Diese Reise kombiniert das Beste aus Nord- und Zentralvietnam: pulsierende Städte, spektakuläre Naturlandschaften, Weltklasse-Höhlen, kaiserliche Geschichte, romantische Altstadt-Atmosphäre und entspannte Strandtage.
| Ort | Nächte | Highlights |
|---|---|---|
| Hanoi | 3 | Food, Kultur, Altstadt, Cafes |
| Ninh Binh / Trang An | 2 | Karstlandschaft, Bootsfahrten, Natur |
| Lan Ha Bay / Cat Ba | 2 | Bucht, Kayak, Sonnenuntergang |
| Huế | 2 | Kaiserstadt, Pagoden, würzige Küche |
| Phong Nha | 1 | Weltklasse-Höhlen, Dschungel, Stille |
| Hoi An | 2 | Laternen, Romantik, Kochkurs |
| Da Nang | 2 | Strand, Seafood, Entspannung |
Hanoi ist der perfekte Einstieg in Vietnam. Die Hauptstadt im Norden ist laut, lebendig und voller Kontraste: Jahrhundertealte Tempel stehen neben französischer Kolonialarchitektur, und auf den Bürgersteigen der Altstadt brodelt es vor Garküchen, Motorrollern und Kaffeehaus-Kultur.
Die Stadt ist vor allem für ihr Essen bekannt. Ob eine dampfende Schüssel Pho am frühen Morgen, knuspriges Bun Cha zum Mittagessen oder der berühmte Egg Coffee am Nachmittag: Essen ist hier nicht einfach Nahrungsaufnahme, sondern das zentrale Kulturerlebnis.
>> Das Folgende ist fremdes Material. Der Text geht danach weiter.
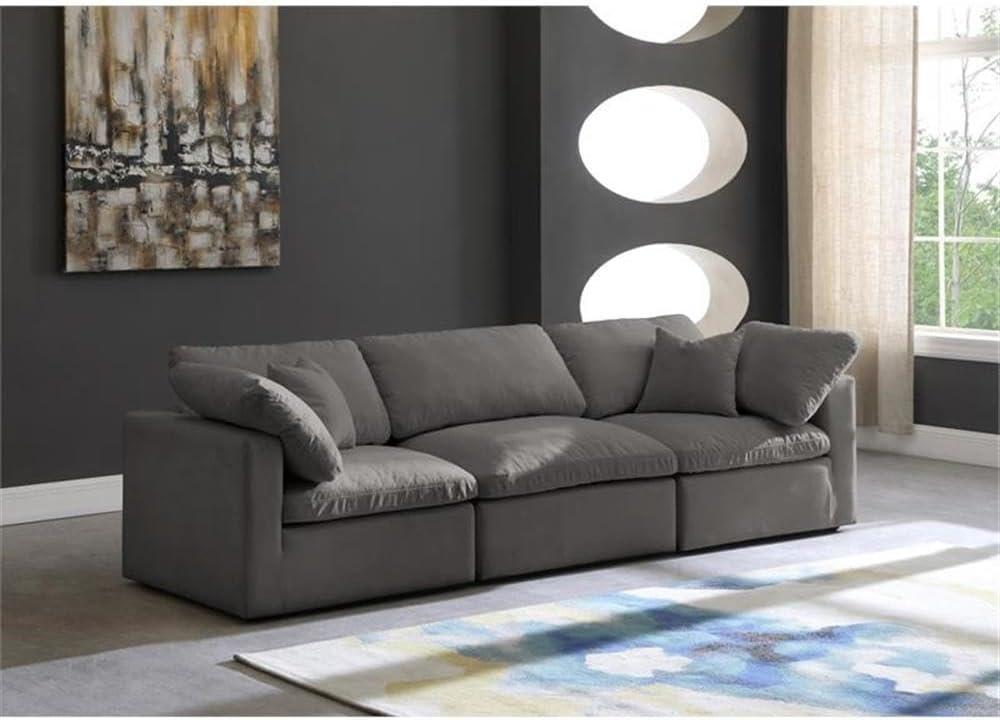 Meridian Furniture Plush Standard Modular Sofa, Soft Grey Velvet, Overstuffed Down Feather Cushions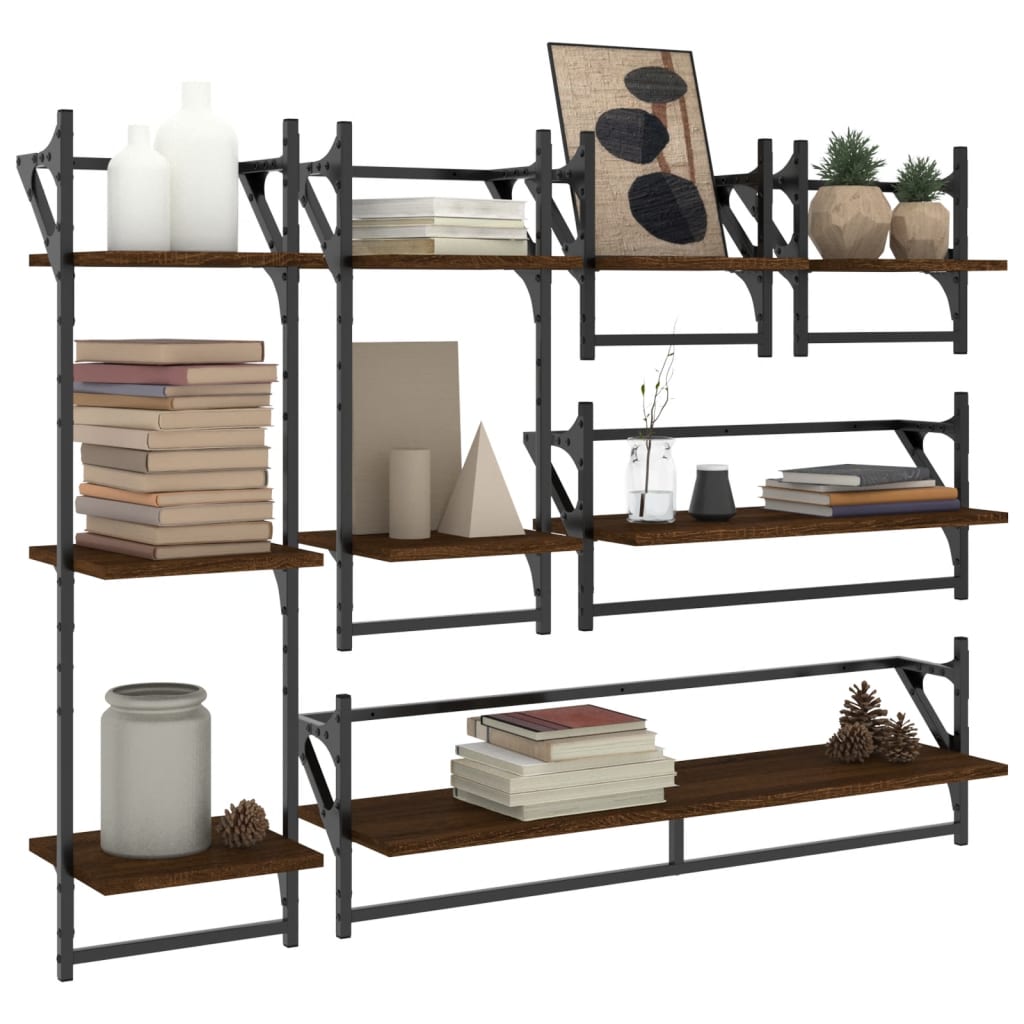 6 Piece Wall Shelf Set with Bars Brown Oak Engineered Wood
Die berühmte Train Street (eine Bahnstrecke durch eine enge Gasse) ist sehr fotogen, aber auch extrem überlaufen. Eher ein schneller Abstecher als ein echtes Highlight. Eure Hanoi-Zeit ist besser in Essen, Altstadt und Tempel investiert.
Etwa zwei Stunden südlich von Hanoi liegt Ninh Binh, eine Region, die oft als das "Ha Long an Land" bezeichnet wird. Die Landschaft ist atemberaubend: Kalksteinfelsen ragen aus smaragdgrünen Reisfeldern empor, kleine Flüsse winden sich durch enge Schluchten, und überall liegt eine fast unwirkliche Stille.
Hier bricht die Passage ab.